Executive summary

The context of this report is the developement of an application able to predict (propose options for) the next word regarding the previous 3 words typed.

The purpose of this report is to prepare modeling by an exploratory analysis of the provided datas.

These are records of 3 differents sources : blogs, news and twitter.

It shows basic summaries about the three data sets provided. These are obtained after tokenizing sentences in the texts, in N-uple of the form word1 word2 word3 …. wordN called N-grams.
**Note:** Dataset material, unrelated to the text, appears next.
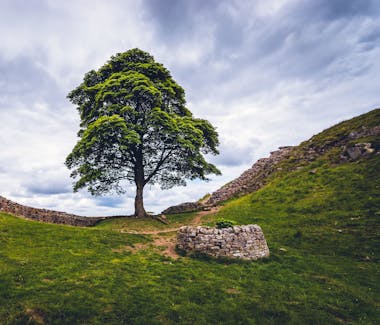Sycamore Gap - Hadrian's Wall near The Old School House in Haltwhistle, Northumberland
These N-grams will be used for the prediction.

It also gives informations on processing times and memory sizes.

Finally, a projection on next steps is detailed.

Data summary

Data summary results

Data set Nb of documents Max number of words per document Total number of words Mean number of words per document
Blog 899388 40833 37334131 41.51
News 1010242 11384 34372530 34.02
Twitter 2360148 140 30373543 12.87

As we can see, the 3 datat sets have a similar number of words, although twitter data has a much larger number of lines (but a shorter length of lines).

Data sampling

For further calculations in exploratory analysis, we use smaller data sets for computation time concerns.
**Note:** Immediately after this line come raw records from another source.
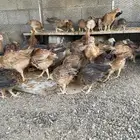 فروج دجاج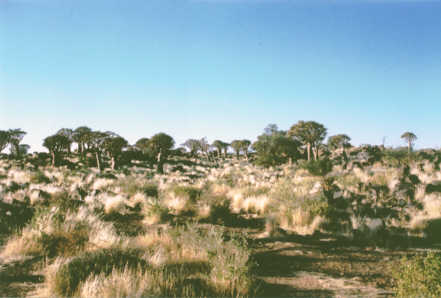 Keetmanshoop : Quivertree Forest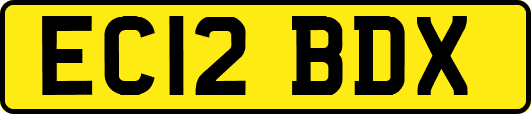 EC12BDX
We will randomly sample 10000 records in each data set.

Calculation times

During computations above, we tracked the time consumptions.

Here are the results below.

Data set Loading Longest document Number of words Sample
Blog 24.063 72.357 21.573 4.571
News 33.722 44.426 19.429 6.553
Twitter 66.124 56.136 88.097 11.712

As we can see, computation times are higher for statistics computation (number of characters, number of words) as the number of lines is bigger. The other times are similar.

Data processing

We eliminate from the corpus the non significant “words”, as numbers, URLs, hashtags, special characters.

We keep in the corpus the word delimiters ( \r\n\t.,;:“()?!), to be used in tokenization, and the simple quotes (’’) for keeping words as i’m and don’t. We do not discard stopwords in this particular case, as they are important for predicting.

We can also discard words not contained in a dictionary (to exclude foreign languages pieces), and profanity words. The dictionary is a list in an external text file, with every variant of the words (eg: show, shows, shown, etc.). The profanity words is also a list in an external text file.

Natural language processing

The approach is to use Markov chains, called n-grams in this case.

We set up 3 corpuses (Blog, News, Twitter), each containing 10000 documents (samples of the original data).

The main packages used for this are tm, RWeka and slam.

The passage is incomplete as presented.